__THE PROBLEM__. Once the pictures are set aside, reproduce the entries below exactly.

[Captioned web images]
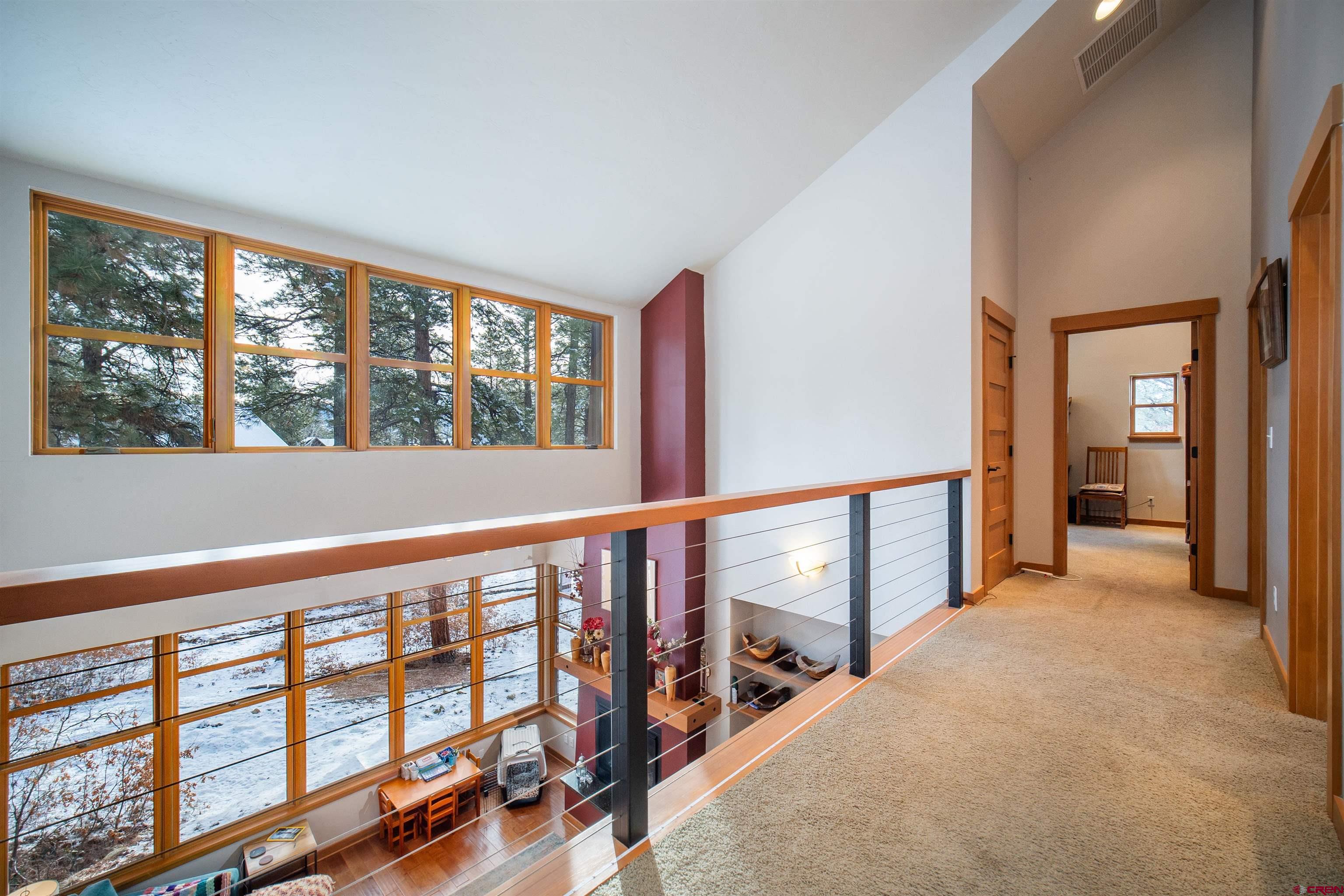 25 Red Table Court Durango, CO 81301 - Photo 16 of 34 a view of an empty room with wooden floor and a window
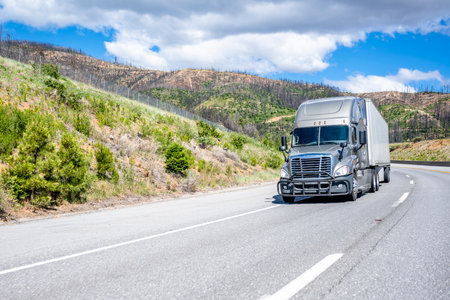 Industrial long hauler big rig gray semi truck tractor with grille guard and extended cab for truck driver rest transporting commercial cargo in dry van semi trailer driving on road at sunny dayの写真素材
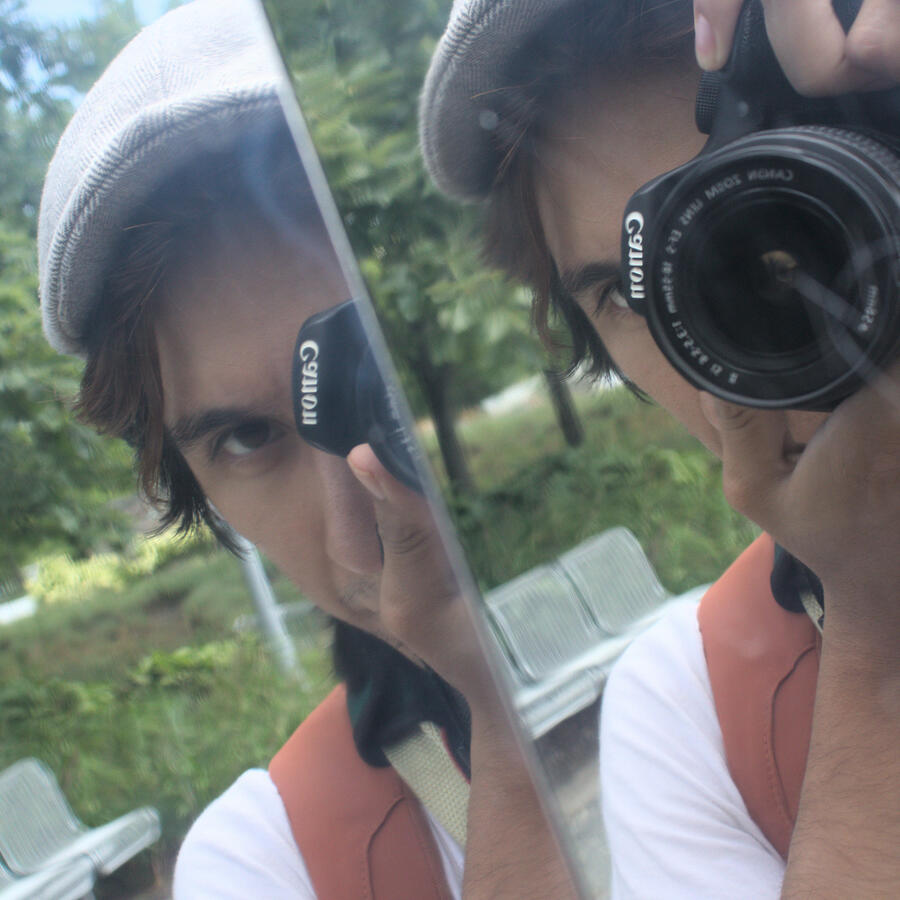 Bouncing off the idea to get more photos of myself if the chance ever arises. Reflected off the River Shards art piece in Mishawaka.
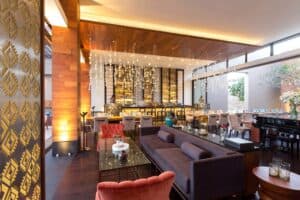 The lounge and backlit bar at Café des Artistes Los Cabos, with sofas, red velvet armchairs and a piano by the windows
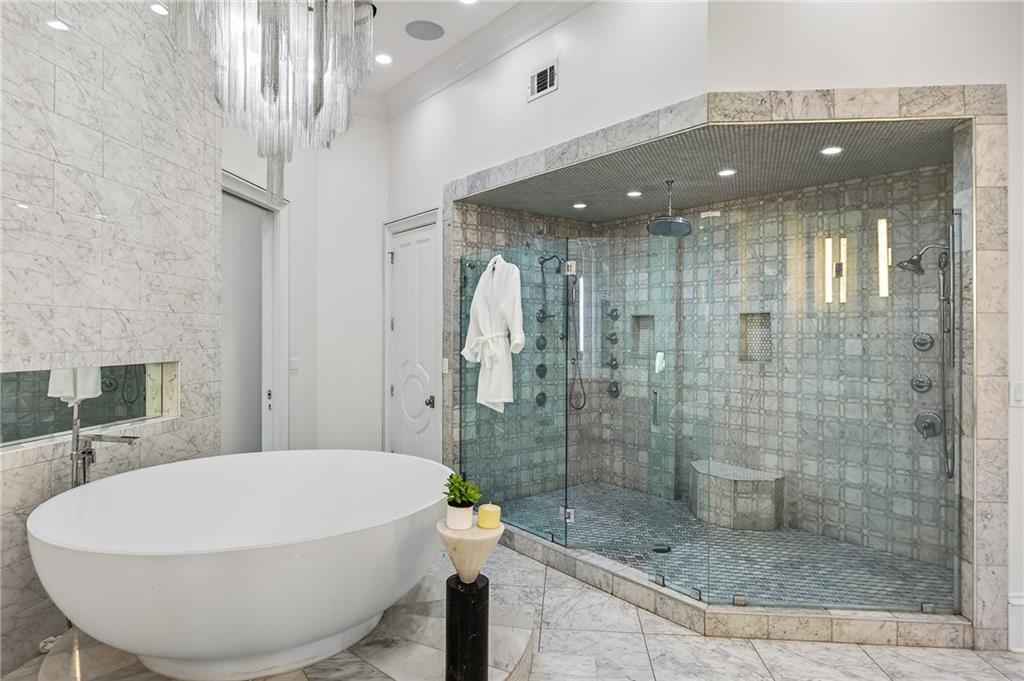 5320 Riverview Road Northwest Atlanta, GA 30339 - Photo 24 of 83 a bathroom with a bathtub and shower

__REPLY TO THE EXERCISE__.
 25 Red Table Court Durango, CO 81301 - Photo 16 of 34 a view of an empty room with wooden floor and a window
 Industrial long hauler big rig gray semi truck tractor with grille guard and extended cab for truck driver rest transporting commercial cargo in dry van semi trailer driving on road at sunny dayの写真素材
 Bouncing off the idea to get more photos of myself if the chance ever arises. Reflected off the River Shards art piece in Mishawaka.
 The lounge and backlit bar at Café des Artistes Los Cabos, with sofas, red velvet armchairs and a piano by the windows
 5320 Riverview Road Northwest Atlanta, GA 30339 - Photo 24 of 83 a bathroom with a bathtub and shower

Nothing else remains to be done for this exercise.